Lengthy and sometimes contentious negotiations delayed the bleacher expansion work until last year. Work on the multipurpose structure was also held up in a dispute over ownership of the land on which the building would sit.
The land dispute was resolved with Tribune Co., which owns the Cubs and Wrigley Field, agreeing to buy the land from the city for $2.1 million. Tribune Co. also owns the Chicago Tribune.
The cost of the building was estimated at $30 million five years ago. Mike Lufrano, vice president of community relations for the Cubs, said that amount has risen substantially since then, but he declined to say how much.
"Like any construction project, costs are higher than they were five years ago," he said. "It has become apparent we won't be able to break ground in November as we hoped. But we very much recognize the project is an asset for the team and community, and we're talking with developers and potential partners about how to address the increase in costs."
Lufrano said restaurants and parking lot firms have expressed an interest in joining with the team in developing the project, but he declined to be specific. Construction should take about 18 months once under way, he said.
Ald. Tom Tunney (44th), whose ward includes the ballpark, said the team might sell naming rights to the new building to help pay for it.
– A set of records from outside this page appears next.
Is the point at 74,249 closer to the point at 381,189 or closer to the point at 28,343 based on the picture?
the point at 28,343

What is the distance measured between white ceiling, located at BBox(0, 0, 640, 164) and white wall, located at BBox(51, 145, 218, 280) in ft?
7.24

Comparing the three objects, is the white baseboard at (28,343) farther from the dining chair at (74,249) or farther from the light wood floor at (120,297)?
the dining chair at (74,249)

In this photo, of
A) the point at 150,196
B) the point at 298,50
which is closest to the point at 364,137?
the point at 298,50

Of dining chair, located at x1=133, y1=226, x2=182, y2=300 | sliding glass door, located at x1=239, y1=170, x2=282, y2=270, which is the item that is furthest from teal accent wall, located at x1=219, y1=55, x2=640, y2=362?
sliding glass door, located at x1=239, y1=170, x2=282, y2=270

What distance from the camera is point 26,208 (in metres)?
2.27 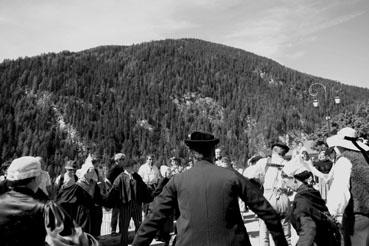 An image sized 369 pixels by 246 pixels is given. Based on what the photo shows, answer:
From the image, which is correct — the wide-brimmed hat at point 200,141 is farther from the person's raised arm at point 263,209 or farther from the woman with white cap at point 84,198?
the woman with white cap at point 84,198

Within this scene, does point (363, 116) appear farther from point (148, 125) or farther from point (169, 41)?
point (169, 41)

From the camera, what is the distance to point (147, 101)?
10481 centimetres

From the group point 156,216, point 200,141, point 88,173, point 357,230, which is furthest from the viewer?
point 88,173

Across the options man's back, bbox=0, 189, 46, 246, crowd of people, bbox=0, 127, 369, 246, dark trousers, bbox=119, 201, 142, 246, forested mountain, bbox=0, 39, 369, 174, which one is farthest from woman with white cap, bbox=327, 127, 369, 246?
forested mountain, bbox=0, 39, 369, 174

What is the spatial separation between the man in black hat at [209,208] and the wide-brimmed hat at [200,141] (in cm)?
17

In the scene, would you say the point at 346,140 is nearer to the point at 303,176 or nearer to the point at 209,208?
the point at 303,176

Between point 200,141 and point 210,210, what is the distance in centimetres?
57

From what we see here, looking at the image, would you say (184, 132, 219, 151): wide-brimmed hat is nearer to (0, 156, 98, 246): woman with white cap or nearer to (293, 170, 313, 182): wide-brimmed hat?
(0, 156, 98, 246): woman with white cap

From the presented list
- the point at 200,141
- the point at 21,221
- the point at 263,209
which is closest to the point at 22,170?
the point at 21,221

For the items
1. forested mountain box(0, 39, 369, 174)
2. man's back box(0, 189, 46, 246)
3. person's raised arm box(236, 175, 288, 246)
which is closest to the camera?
person's raised arm box(236, 175, 288, 246)

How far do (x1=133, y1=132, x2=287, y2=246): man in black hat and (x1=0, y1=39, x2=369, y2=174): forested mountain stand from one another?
81.7m

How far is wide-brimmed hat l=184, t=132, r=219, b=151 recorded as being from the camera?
313 centimetres

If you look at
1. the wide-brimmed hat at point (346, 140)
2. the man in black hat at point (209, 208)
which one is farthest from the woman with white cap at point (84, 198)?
the wide-brimmed hat at point (346, 140)

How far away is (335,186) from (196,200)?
1483mm
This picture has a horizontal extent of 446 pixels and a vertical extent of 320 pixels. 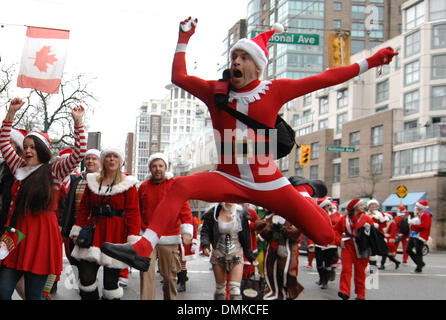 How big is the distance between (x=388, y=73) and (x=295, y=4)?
14579mm

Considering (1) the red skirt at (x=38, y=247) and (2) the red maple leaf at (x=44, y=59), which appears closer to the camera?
(1) the red skirt at (x=38, y=247)

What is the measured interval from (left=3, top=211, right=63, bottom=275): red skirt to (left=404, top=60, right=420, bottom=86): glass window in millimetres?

"They've been working aggressively to find additional sources of revenue," Tunney said. "I can anticipate they're not going to get too much into next year without having a plan nailed down."
A surface parking lot with space for 200 cars now sits on the site of the proposed building, and the parking structure portion of the project will double the number of spaces now available. While that will ease congestion during game days, Tunney said it is even more important to help promote development of the Wrigleyville retail corridor during the off-season.